** SUPPLIED DATA follows **

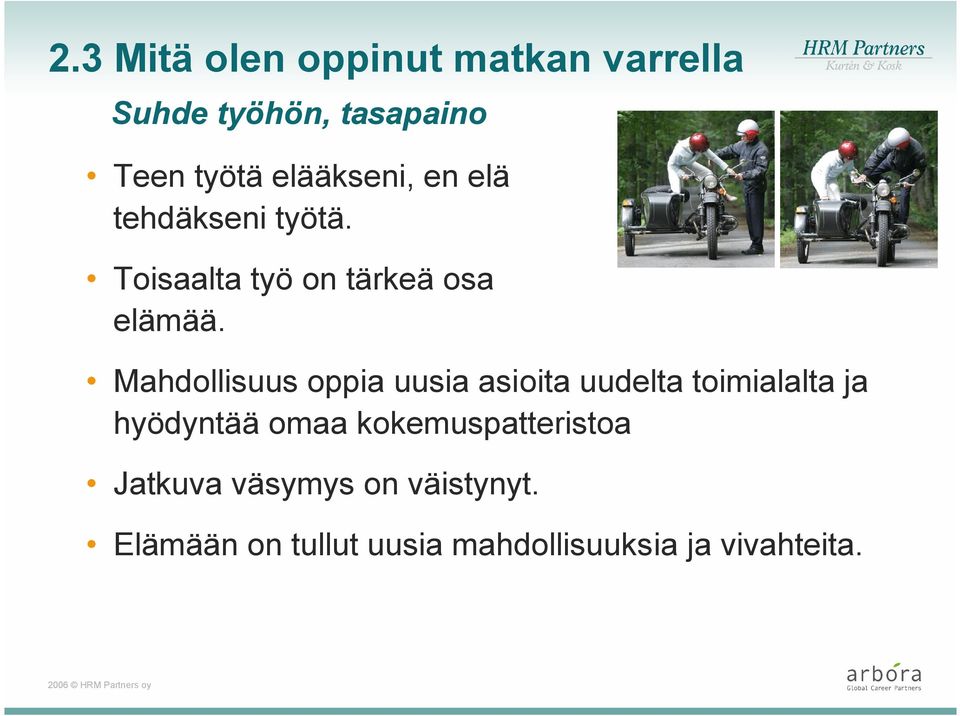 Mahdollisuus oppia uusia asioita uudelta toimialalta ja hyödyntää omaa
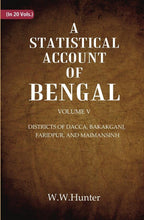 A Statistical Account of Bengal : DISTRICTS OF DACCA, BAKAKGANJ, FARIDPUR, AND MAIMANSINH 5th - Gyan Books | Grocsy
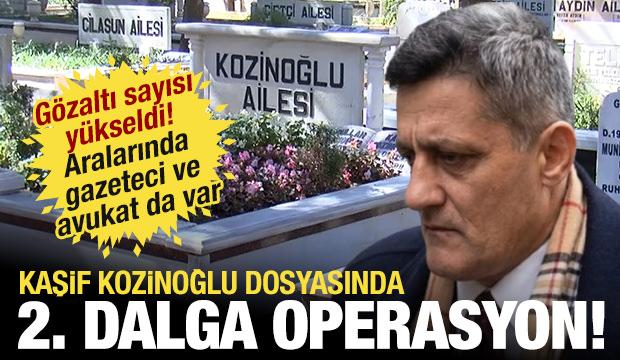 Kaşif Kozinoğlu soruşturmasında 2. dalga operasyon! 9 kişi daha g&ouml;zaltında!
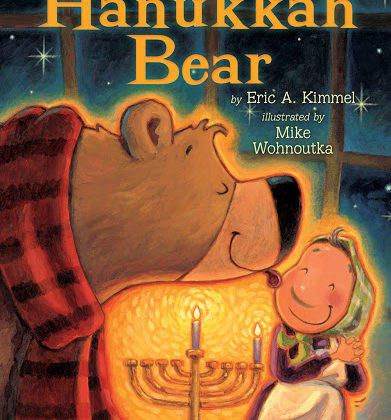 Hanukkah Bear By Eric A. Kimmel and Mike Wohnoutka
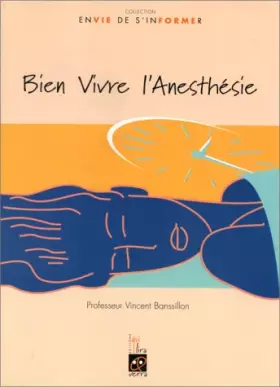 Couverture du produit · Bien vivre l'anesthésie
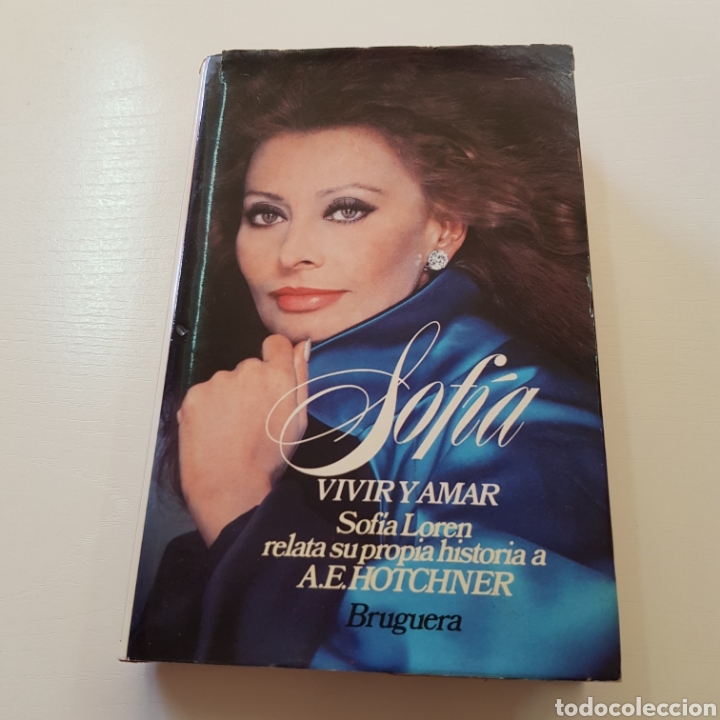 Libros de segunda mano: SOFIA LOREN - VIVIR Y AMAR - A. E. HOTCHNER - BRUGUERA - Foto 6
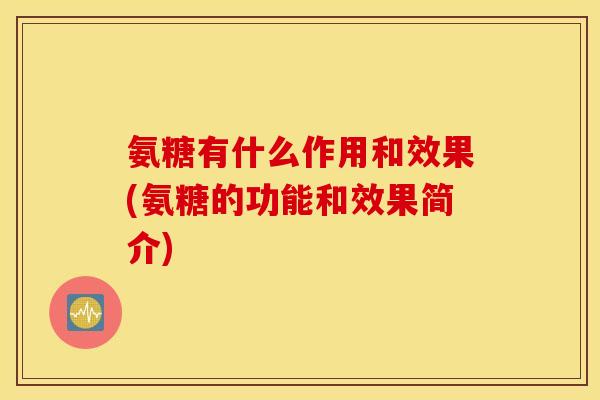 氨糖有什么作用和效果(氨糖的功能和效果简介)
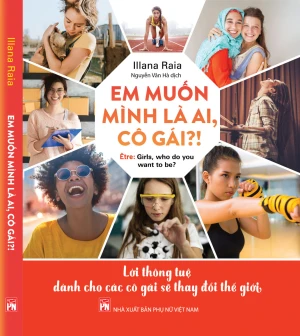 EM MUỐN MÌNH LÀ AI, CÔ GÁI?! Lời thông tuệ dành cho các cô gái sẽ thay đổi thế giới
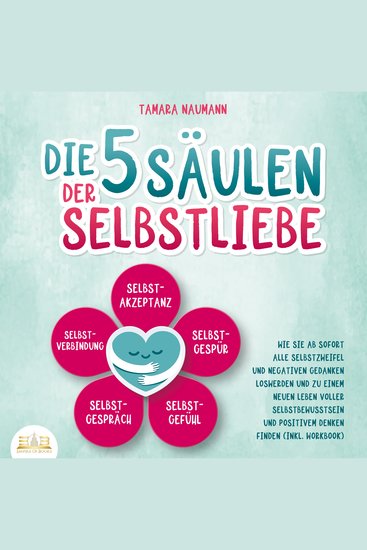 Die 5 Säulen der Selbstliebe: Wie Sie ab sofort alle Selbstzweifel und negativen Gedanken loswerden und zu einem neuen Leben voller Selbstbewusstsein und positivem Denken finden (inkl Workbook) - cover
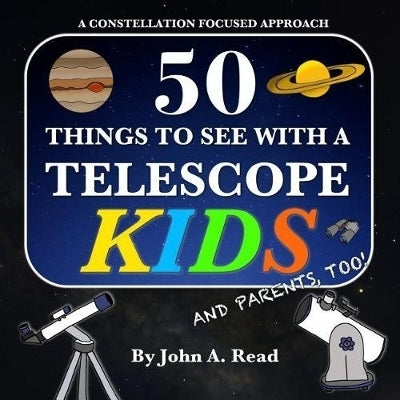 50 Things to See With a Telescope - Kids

** End of SUPPLIED DATA **
** SUPPLIED DATA follows **

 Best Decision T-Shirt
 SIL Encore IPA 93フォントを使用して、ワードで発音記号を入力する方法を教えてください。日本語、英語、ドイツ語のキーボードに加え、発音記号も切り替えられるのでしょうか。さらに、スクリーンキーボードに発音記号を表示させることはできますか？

** End of SUPPLIED DATA **

**WHAT THIS TASK INVOLVES:**
Leave the pictures out, and transcribe exactly the lines above starting at the one that contains "Mahdollisuus oppia uusia" and ending at the one that contains "50 Things to See With a Telescope - Kids".

**WRITTEN RESPONSE:**
 Mahdollisuus oppia uusia asioita uudelta toimialalta ja hyödyntää omaa
 A Statistical Account of Bengal : DISTRICTS OF DACCA, BAKAKGANJ, FARIDPUR, AND MAIMANSINH 5th - Gyan Books | Grocsy
 Kaşif Kozinoğlu soruşturmasında 2. dalga operasyon! 9 kişi daha g&ouml;zaltında!
 Hanukkah Bear By Eric A. Kimmel and Mike Wohnoutka
 Couverture du produit · Bien vivre l'anesthésie
 Libros de segunda mano: SOFIA LOREN - VIVIR Y AMAR - A. E. HOTCHNER - BRUGUERA - Foto 6
 氨糖有什么作用和效果(氨糖的功能和效果简介)
 EM MUỐN MÌNH LÀ AI, CÔ GÁI?! Lời thông tuệ dành cho các cô gái sẽ thay đổi thế giới
 Die 5 Säulen der Selbstliebe: Wie Sie ab sofort alle Selbstzweifel und negativen Gedanken loswerden und zu einem neuen Leben voller Selbstbewusstsein und positivem Denken finden (inkl Workbook) - cover
 50 Things to See With a Telescope - Kids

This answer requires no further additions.